● RECORDS PROVIDED:

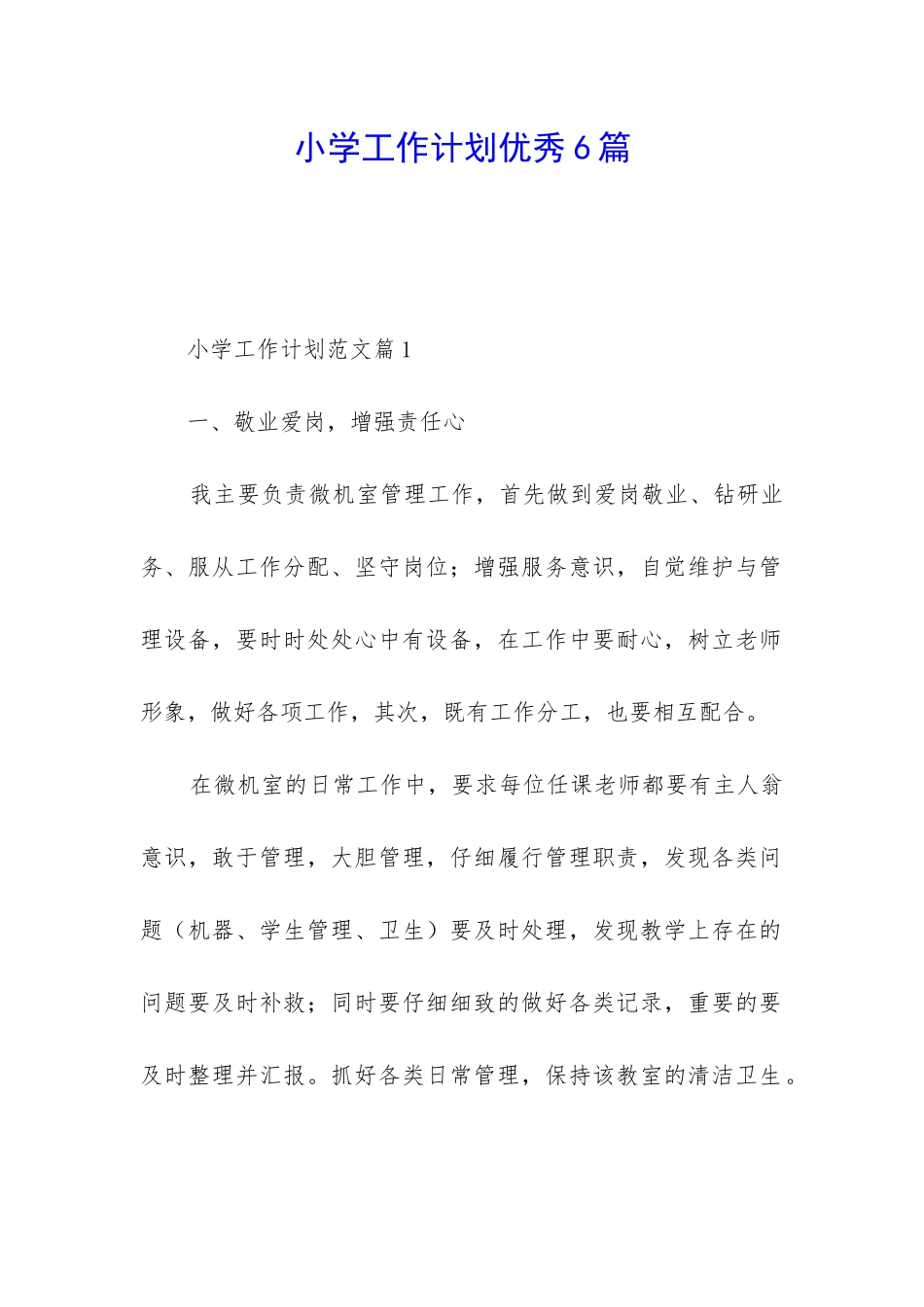 小学工作计划优秀6篇_第1页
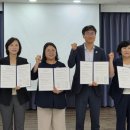 음봉산동종합사회복지관 | 한국마약퇴치운동본부 충남함께한걸음센터-아산지역 5개 종합사회복지관과 업무협약 체결
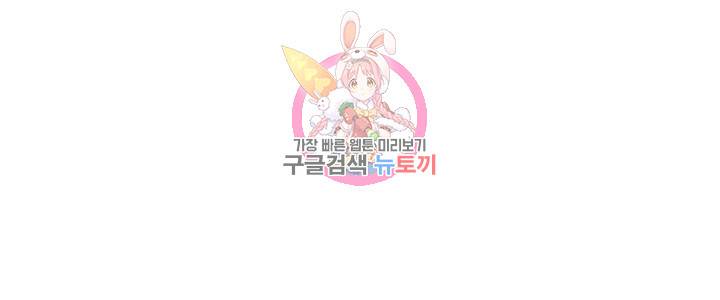 변호사님과 나  제6화 1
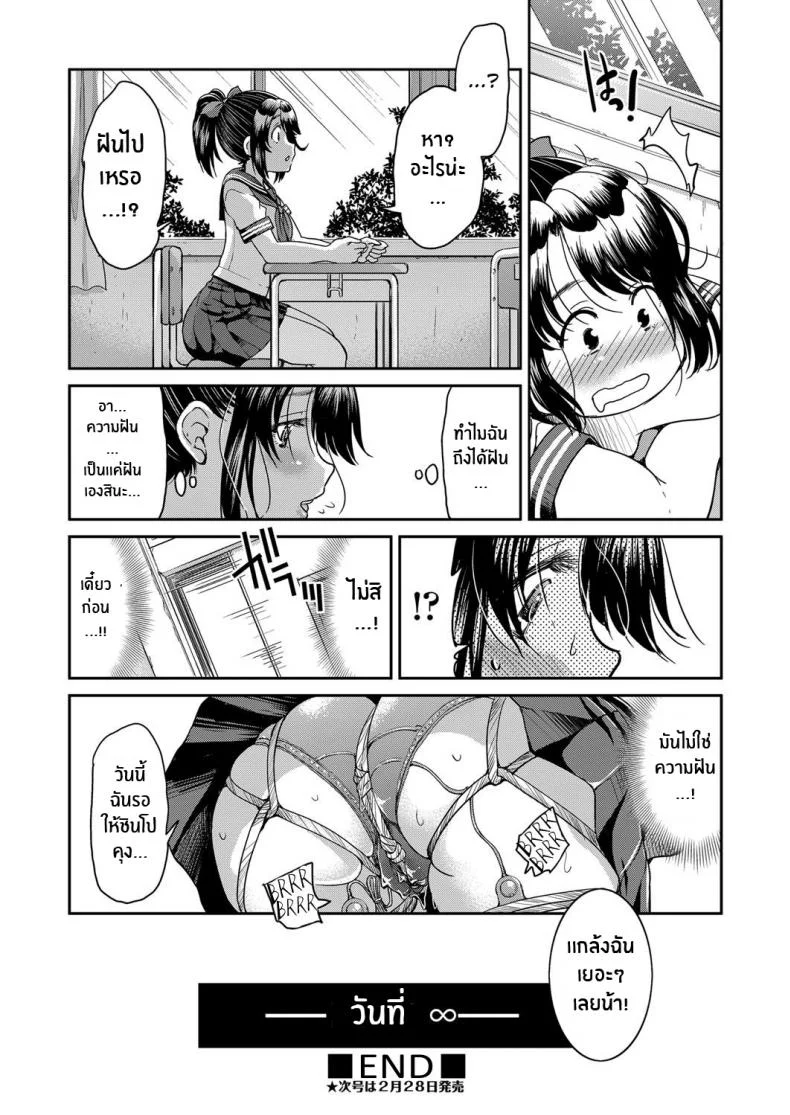 เชือกรัก รัดใจเรา [Inoue Yoshihisa] No Shibari No Life หน้า 16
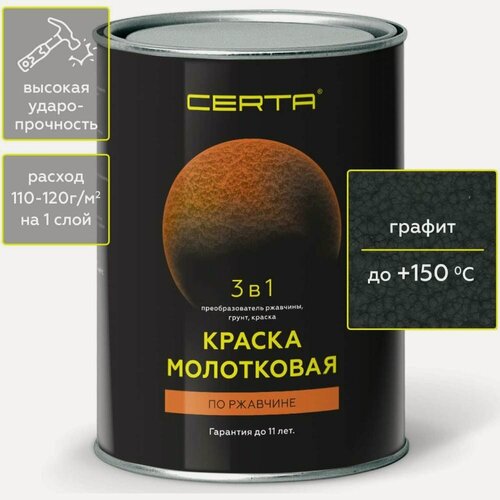 Изображение товара Молотковая краска Certa 3 в 1 (по ржавчине; графит, 0,8 кг) KRGL0026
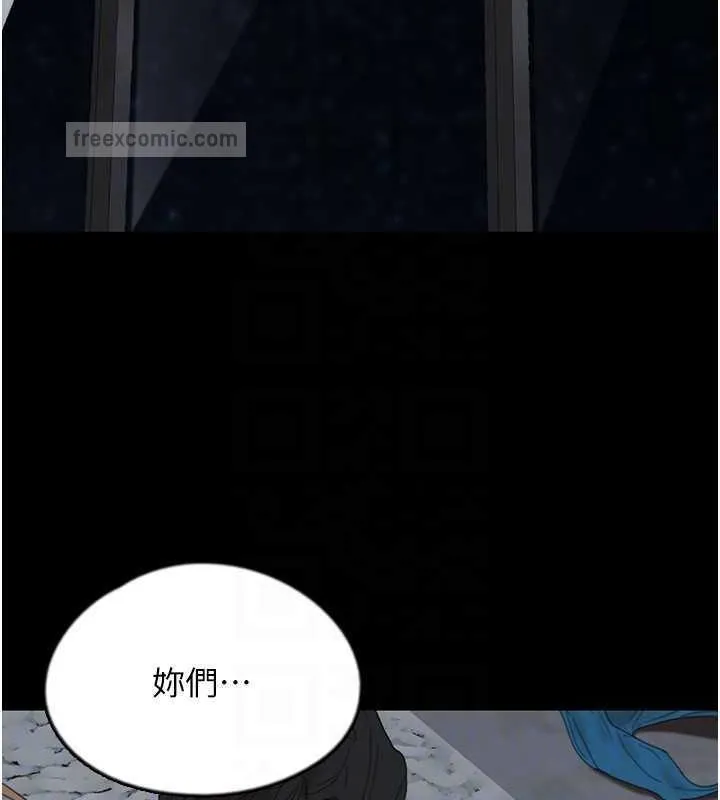养父的女儿们 - 第40話-我想看妳們誰更會舔 - page 20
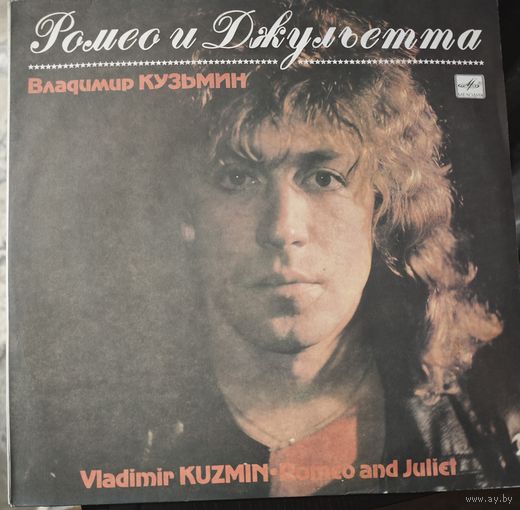 Владимир Кузьмин	Ромео и Джульетта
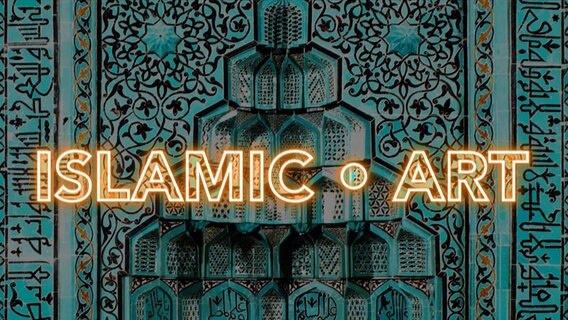 "Islamic Art" steht auf der Startseite des Online-Portals des Museums für Islamische Kunst © Staatliche Museen zu Berlin, Museum für Islamische Kunst 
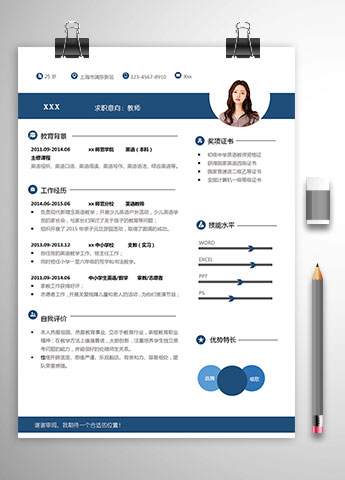 中学英语师范教师个人简历模板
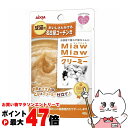 アイシア MiawMiawクリーミー 名古屋コーチン風味 40g【happiest】【SBT】(6031814)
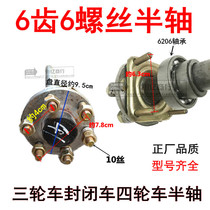 Zongshen Futian Loncin three-wheeled motorcycle four-wheeled vehicle full suspension 6 screws disc half axle Rear axle axle center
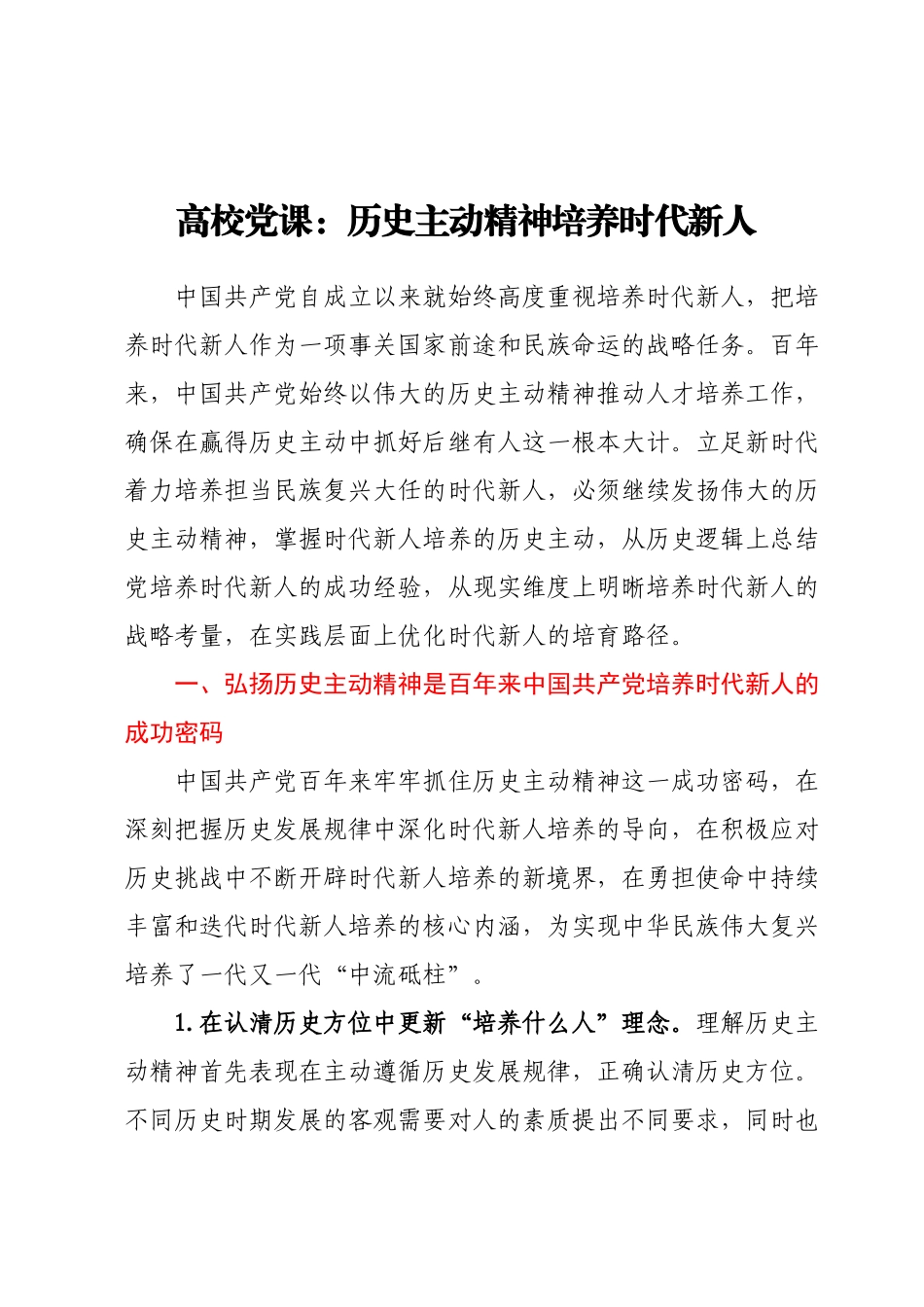 高校党课：历史主动精神培养时代新人.docx_第1页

● YOUR GOAL:
Print once more, exactly, the lines that start at the top of the records above and end at the line with "中学英语师范教师个人简历模板", skipping all pictures.

● EXERCISE RESPONSE:
 小学工作计划优秀6篇_第1页
 음봉산동종합사회복지관 | 한국마약퇴치운동본부 충남함께한걸음센터-아산지역 5개 종합사회복지관과 업무협약 체결
 변호사님과 나  제6화 1
 เชือกรัก รัดใจเรา [Inoue Yoshihisa] No Shibari No Life หน้า 16
 Изображение товара Молотковая краска Certa 3 в 1 (по ржавчине; графит, 0,8 кг) KRGL0026
养父的女儿们 - 第40話-我想看妳們誰更會舔 - page 20
 Владимир Кузьмин	Ромео и Джульетта
 "Islamic Art" steht auf der Startseite des Online-Portals des Museums für Islamische Kunst © Staatliche Museen zu Berlin, Museum für Islamische Kunst 
 中学英语师范教师个人简历模板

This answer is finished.